I am hoping for a more concise yet general solution for those four transform steps.
Another way to go about it would be to Sort the table on the column of interest then take the top 20%. For this I need an immediately available input of number of rows to avoid essentially the same steps as above.
For another option, I have never needed/wanted/bothered to learn javascript. I could but it is not my first preference.
@Anonymous. I had not earlier noticed that Meta Info is available, so that is immediately useful thanks.
I played around with Scale, then changed the number of input rows. Unless I missed something it appears that the scaling value must be adjusted manually for the number of input rows to get the right result. I replaced Scale with Calculate, multiplying Meta Info by 0.2 (i.e. one minus the desired percentile). After that (with related naming adjustments) it worked with different row counts.
A great use of If with Fill up. Technically I suppose this is only a step or two shorter but feels more elegant than the value isolation steps I originally used. The latter feels like chopping bits up on the side to reintroduce later, rather than progressive change on the original.

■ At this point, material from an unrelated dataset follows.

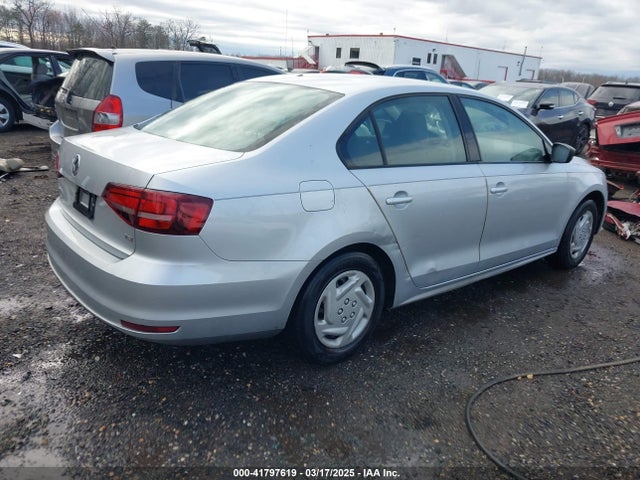 3VW267AJ2GM363427 Volkswagen Jetta 1.4t S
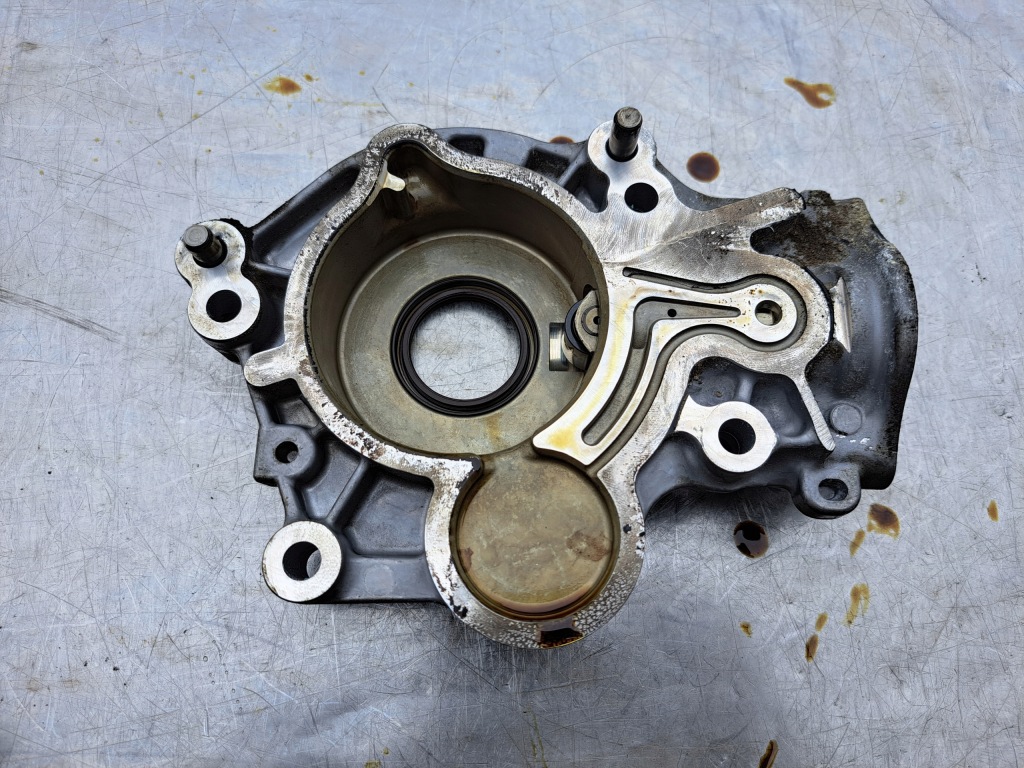 фото №1, Основание насоса 2.0 hybrid volvo v90 ii v60 xc90 31480238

A good exercise for me thank you. It is interesting to see there are (at least) three clear solutions.
It would be useful if you could take a value from one dataset (e.g. the number of rows) and set it as the value of a parameter in a downstream transform. However it is a challenge to think of a way to do it that is simple for the user. It is something we hope to find time to think about a bit more.
The Outliers transform has the option to keep or remove rows outside a range. But the range is set by Inter Quartile Range or Standard Deviation, rather than percentage. Also it includes/excludes above and below the range, rather than just above below a cut off point.
Yes, that is definitely a possibility for future releases. But I need to do it in a way that doesn’t make Outliers too complex and confusing. Perhaps with a little text summary, similar to Filter.